- **YOUR ASSIGNMENT**:
From the data below, copy out every line in which the word "Green" occurs.

INPUT section start

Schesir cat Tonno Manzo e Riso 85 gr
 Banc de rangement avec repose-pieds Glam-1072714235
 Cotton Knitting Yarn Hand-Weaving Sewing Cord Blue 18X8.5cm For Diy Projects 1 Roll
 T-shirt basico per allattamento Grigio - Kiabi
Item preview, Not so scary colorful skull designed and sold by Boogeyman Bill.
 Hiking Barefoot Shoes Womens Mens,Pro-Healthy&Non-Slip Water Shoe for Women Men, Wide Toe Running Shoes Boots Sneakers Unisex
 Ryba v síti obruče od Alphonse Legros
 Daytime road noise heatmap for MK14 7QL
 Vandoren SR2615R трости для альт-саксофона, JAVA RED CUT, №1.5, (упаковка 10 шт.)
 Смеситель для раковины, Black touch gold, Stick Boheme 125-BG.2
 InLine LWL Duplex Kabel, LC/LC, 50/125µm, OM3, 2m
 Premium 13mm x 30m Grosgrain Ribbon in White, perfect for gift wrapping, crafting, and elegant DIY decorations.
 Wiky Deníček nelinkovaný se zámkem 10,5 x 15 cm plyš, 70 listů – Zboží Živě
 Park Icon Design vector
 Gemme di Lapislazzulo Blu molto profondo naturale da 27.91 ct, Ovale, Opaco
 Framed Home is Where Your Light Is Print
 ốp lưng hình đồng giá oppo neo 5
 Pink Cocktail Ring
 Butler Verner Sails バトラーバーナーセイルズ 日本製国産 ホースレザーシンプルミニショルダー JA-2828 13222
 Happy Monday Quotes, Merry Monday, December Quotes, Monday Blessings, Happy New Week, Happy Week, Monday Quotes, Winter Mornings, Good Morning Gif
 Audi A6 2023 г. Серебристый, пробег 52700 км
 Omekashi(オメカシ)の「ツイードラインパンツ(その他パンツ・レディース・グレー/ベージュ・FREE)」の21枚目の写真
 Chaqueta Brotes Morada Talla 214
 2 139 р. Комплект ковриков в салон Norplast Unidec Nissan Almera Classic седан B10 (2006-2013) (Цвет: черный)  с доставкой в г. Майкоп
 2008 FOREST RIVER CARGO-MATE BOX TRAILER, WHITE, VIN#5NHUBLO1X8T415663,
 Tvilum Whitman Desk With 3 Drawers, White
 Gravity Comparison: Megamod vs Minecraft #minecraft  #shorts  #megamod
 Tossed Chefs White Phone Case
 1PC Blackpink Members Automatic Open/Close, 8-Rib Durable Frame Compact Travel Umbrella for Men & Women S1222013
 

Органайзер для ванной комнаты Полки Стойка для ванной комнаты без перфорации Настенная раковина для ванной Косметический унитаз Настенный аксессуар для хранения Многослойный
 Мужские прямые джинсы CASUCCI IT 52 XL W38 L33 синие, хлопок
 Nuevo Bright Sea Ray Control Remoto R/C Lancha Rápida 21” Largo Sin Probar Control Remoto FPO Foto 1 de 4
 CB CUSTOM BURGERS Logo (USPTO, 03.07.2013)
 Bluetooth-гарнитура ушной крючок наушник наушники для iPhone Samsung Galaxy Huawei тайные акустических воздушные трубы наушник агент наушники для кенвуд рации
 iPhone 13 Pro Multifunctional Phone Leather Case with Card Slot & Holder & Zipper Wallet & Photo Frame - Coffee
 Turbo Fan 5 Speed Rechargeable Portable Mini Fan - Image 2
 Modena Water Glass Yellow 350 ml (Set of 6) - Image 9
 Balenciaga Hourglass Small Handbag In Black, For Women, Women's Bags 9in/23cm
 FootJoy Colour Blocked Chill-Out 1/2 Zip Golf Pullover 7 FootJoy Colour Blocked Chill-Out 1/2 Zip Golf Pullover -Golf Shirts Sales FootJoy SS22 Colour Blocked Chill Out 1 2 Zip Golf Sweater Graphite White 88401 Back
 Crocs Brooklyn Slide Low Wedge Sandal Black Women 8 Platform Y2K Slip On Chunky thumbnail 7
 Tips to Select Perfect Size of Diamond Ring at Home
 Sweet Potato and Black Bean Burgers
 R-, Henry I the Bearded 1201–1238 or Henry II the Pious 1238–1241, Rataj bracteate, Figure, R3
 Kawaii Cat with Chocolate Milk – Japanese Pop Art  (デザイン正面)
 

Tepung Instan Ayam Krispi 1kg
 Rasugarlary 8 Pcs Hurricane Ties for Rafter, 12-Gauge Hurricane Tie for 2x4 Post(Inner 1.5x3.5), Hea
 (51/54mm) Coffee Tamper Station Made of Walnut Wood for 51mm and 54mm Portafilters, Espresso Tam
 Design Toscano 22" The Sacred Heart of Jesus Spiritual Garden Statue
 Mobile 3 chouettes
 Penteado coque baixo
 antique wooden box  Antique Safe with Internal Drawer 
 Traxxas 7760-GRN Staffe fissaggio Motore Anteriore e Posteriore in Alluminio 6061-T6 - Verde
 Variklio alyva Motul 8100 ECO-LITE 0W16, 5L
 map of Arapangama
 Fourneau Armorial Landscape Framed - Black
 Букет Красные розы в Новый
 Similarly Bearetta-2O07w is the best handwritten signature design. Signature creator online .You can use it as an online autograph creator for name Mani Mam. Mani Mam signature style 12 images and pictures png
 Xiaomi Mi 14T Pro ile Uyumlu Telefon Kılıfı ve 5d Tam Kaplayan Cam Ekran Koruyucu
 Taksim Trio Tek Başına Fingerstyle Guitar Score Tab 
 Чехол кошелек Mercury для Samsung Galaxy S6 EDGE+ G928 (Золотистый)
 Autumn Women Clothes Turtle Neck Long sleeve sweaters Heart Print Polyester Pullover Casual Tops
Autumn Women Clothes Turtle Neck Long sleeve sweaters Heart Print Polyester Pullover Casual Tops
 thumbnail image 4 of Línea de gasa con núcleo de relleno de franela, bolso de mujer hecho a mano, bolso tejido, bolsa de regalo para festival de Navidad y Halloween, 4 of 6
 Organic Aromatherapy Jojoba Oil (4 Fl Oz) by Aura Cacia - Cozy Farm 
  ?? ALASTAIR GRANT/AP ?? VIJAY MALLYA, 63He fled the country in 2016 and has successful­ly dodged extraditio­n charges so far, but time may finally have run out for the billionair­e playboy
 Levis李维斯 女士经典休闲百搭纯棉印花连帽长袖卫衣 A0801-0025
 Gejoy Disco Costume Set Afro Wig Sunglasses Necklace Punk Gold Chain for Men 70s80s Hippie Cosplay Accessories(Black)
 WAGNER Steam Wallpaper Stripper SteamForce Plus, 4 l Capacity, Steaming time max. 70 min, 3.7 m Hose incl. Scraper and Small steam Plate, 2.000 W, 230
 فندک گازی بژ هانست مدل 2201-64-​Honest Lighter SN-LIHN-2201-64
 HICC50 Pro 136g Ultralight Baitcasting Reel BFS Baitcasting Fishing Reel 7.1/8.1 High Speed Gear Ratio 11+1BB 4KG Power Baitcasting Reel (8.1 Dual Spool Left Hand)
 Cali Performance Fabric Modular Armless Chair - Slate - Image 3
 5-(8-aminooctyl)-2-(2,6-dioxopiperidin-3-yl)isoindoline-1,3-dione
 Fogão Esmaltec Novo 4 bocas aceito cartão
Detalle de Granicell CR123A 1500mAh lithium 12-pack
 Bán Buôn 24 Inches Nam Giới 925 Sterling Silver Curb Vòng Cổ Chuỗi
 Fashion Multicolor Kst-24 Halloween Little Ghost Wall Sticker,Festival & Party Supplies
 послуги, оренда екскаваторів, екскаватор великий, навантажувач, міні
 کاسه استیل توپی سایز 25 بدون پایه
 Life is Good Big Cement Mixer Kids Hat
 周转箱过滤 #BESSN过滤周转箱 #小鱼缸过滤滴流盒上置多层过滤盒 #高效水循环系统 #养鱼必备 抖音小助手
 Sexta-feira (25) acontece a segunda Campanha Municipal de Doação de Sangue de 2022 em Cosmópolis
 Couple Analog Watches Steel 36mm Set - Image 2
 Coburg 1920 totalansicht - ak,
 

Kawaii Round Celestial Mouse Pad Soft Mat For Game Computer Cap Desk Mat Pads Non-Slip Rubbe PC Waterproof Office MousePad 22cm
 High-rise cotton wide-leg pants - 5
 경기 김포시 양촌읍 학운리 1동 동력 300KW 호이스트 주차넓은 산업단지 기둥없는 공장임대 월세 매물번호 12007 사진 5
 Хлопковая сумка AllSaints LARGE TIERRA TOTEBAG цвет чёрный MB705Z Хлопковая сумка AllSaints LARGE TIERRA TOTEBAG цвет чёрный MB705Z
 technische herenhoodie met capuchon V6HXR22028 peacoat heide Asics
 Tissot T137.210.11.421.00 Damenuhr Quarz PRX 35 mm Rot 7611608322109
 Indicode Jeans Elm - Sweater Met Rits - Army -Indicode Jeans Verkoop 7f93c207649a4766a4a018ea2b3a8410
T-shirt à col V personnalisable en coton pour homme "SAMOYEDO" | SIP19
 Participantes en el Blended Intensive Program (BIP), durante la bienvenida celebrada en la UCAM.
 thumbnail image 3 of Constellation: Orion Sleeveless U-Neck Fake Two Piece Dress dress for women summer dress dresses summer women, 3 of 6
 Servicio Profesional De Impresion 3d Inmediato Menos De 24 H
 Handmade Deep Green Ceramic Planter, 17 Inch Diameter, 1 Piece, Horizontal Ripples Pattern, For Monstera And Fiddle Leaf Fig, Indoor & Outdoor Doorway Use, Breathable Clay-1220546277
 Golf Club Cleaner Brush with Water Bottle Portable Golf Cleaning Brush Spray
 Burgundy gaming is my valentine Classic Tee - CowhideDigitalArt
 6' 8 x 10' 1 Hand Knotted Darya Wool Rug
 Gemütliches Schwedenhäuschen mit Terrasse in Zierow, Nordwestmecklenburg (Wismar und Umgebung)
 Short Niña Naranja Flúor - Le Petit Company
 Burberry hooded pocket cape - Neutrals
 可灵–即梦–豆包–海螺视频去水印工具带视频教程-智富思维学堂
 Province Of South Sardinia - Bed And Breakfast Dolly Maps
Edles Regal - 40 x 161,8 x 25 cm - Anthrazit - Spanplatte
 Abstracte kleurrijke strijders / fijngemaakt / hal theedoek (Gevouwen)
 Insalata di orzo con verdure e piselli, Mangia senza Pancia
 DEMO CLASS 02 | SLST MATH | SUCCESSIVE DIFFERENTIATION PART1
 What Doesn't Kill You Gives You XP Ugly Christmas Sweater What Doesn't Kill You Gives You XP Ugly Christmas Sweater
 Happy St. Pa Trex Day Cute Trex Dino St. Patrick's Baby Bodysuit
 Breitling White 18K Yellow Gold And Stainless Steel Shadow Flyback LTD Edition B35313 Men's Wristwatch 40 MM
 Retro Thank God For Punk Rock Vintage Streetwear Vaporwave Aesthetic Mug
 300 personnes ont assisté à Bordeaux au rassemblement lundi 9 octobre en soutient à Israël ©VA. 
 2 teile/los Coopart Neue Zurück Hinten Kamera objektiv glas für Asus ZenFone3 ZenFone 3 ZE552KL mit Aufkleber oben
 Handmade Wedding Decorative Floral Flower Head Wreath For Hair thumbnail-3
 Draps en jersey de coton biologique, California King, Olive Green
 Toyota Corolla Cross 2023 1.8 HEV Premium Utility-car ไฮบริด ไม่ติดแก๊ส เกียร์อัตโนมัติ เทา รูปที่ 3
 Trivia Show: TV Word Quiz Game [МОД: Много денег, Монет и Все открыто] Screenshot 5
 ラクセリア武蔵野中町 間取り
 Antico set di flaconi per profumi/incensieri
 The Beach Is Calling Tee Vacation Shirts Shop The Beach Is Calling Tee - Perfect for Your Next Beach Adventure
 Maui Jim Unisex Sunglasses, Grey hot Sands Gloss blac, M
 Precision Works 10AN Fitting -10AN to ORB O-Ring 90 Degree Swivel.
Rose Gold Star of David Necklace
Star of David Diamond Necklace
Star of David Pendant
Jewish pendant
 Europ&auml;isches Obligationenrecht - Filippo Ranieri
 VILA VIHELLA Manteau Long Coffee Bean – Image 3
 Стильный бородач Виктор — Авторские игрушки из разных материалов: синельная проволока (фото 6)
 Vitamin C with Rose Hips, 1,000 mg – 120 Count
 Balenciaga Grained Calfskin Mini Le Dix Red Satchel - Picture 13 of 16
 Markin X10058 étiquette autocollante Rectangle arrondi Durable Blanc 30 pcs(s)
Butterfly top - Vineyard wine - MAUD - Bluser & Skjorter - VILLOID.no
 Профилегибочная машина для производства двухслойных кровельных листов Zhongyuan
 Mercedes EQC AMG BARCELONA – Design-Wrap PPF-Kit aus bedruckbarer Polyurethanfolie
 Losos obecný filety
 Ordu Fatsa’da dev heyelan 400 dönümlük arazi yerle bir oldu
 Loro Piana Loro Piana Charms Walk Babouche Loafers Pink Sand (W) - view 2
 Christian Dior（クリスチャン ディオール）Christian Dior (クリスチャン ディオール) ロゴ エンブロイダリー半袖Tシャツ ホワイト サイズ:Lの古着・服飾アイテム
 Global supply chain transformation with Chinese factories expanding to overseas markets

INPUT section end

- **ANSWER BELOW**:
 Handmade Deep Green Ceramic Planter, 17 Inch Diameter, 1 Piece, Horizontal Ripples Pattern, For Monstera And Fiddle Leaf Fig, Indoor & Outdoor Doorway Use, Breathable Clay-1220546277
 Draps en jersey de coton biologique, California King, Olive Green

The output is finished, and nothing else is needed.